The entries below contain a stretch that opens with the line containing "Apartamento Plush Studio" and closes with the line containing "Diesel Fuel For"; set down that stretch exactly, both ends included, and nothing else.

(Records supplied)

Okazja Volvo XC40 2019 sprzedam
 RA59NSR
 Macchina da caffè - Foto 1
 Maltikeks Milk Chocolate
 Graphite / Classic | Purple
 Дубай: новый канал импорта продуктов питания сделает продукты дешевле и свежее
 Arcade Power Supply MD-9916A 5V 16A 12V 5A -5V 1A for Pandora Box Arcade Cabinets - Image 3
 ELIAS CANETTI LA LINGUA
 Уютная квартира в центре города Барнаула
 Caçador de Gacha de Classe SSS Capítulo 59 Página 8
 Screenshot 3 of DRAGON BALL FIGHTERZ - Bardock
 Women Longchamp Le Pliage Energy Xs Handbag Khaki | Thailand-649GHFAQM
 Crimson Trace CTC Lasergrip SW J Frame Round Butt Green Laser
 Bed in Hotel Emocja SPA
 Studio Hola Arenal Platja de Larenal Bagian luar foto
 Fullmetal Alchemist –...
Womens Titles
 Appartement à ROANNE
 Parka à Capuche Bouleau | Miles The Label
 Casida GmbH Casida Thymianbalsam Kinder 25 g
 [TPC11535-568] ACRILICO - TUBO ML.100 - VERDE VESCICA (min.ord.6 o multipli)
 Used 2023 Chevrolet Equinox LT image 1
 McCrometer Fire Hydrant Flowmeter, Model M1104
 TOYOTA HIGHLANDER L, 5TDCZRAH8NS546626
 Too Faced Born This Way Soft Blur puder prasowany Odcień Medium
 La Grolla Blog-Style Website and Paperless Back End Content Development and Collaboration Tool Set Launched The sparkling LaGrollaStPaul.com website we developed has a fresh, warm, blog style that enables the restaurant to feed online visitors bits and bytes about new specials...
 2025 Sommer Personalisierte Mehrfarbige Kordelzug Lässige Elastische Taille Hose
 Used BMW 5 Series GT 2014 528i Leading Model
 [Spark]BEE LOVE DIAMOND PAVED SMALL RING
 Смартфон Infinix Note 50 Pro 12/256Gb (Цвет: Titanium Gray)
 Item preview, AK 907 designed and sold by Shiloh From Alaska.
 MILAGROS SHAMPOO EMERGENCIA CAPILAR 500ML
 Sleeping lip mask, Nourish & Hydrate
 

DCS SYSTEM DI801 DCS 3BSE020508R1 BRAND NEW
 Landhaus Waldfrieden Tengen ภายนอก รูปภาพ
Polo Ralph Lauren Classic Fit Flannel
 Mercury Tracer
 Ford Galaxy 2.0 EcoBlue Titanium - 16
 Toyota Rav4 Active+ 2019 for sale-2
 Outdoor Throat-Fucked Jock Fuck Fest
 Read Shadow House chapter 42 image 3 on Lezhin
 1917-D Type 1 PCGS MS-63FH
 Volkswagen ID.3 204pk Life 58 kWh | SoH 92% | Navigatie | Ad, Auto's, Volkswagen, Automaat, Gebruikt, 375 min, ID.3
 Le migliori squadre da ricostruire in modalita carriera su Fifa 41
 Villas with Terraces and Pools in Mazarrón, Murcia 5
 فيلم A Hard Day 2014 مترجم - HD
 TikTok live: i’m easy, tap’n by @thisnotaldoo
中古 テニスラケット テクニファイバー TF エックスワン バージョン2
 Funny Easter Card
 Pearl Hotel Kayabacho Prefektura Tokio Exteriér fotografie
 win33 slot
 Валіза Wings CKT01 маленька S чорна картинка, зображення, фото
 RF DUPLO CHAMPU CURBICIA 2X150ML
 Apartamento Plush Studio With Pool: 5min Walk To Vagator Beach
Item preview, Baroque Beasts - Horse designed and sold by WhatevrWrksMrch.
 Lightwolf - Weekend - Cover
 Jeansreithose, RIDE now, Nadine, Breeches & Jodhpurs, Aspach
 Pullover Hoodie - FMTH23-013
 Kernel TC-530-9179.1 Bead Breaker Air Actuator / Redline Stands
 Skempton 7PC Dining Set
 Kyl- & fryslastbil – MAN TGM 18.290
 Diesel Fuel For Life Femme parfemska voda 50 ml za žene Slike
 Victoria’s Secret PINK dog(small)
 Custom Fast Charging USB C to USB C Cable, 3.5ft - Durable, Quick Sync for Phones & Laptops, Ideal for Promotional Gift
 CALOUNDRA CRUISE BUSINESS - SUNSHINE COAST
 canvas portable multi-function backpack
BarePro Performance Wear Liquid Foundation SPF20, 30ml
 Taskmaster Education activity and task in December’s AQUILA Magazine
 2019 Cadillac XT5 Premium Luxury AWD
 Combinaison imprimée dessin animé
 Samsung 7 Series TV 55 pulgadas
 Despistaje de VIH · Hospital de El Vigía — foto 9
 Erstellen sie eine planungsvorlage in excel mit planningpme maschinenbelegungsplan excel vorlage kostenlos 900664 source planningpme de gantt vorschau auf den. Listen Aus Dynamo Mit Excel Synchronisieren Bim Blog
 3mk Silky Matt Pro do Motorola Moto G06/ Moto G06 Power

(End Records supplied)

**Exercise result**
 Apartamento Plush Studio With Pool: 5min Walk To Vagator Beach
Item preview, Baroque Beasts - Horse designed and sold by WhatevrWrksMrch.
 Lightwolf - Weekend - Cover
 Jeansreithose, RIDE now, Nadine, Breeches & Jodhpurs, Aspach
 Pullover Hoodie - FMTH23-013
 Kernel TC-530-9179.1 Bead Breaker Air Actuator / Redline Stands
 Skempton 7PC Dining Set
 Kyl- & fryslastbil – MAN TGM 18.290
 Diesel Fuel For Life Femme parfemska voda 50 ml za žene Slike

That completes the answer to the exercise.